**Short text fragments from websites:**
# # # # #

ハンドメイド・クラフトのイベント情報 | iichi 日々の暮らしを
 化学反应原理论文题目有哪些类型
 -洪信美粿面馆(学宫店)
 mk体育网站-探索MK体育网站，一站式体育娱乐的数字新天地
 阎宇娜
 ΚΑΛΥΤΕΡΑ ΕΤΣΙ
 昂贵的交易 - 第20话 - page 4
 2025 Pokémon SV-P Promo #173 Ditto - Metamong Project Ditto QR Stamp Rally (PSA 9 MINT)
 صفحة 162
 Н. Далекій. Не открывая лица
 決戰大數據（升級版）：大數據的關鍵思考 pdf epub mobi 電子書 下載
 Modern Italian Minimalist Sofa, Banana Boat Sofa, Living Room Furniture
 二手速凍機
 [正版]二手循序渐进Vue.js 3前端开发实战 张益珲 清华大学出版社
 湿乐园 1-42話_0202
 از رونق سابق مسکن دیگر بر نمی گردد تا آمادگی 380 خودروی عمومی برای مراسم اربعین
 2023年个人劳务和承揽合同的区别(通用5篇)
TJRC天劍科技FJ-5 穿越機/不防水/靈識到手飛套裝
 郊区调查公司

# # # # #

**EXERCISE OBJECTIVE:** Please reproduce every record shown above, exactly as written.

**RESPONSE TO THIS TASK:**
ハンドメイド・クラフトのイベント情報 | iichi 日々の暮らしを
 化学反应原理论文题目有哪些类型
 -洪信美粿面馆(学宫店)
 mk体育网站-探索MK体育网站，一站式体育娱乐的数字新天地
 阎宇娜
 ΚΑΛΥΤΕΡΑ ΕΤΣΙ
 昂贵的交易 - 第20话 - page 4
 2025 Pokémon SV-P Promo #173 Ditto - Metamong Project Ditto QR Stamp Rally (PSA 9 MINT)
 صفحة 162
 Н. Далекій. Не открывая лица
 決戰大數據（升級版）：大數據的關鍵思考 pdf epub mobi 電子書 下載
 Modern Italian Minimalist Sofa, Banana Boat Sofa, Living Room Furniture
 二手速凍機
 [正版]二手循序渐进Vue.js 3前端开发实战 张益珲 清华大学出版社
 湿乐园 1-42話_0202
 از رونق سابق مسکن دیگر بر نمی گردد تا آمادگی 380 خودروی عمومی برای مراسم اربعین
 2023年个人劳务和承揽合同的区别(通用5篇)
TJRC天劍科技FJ-5 穿越機/不防水/靈識到手飛套裝
 郊区调查公司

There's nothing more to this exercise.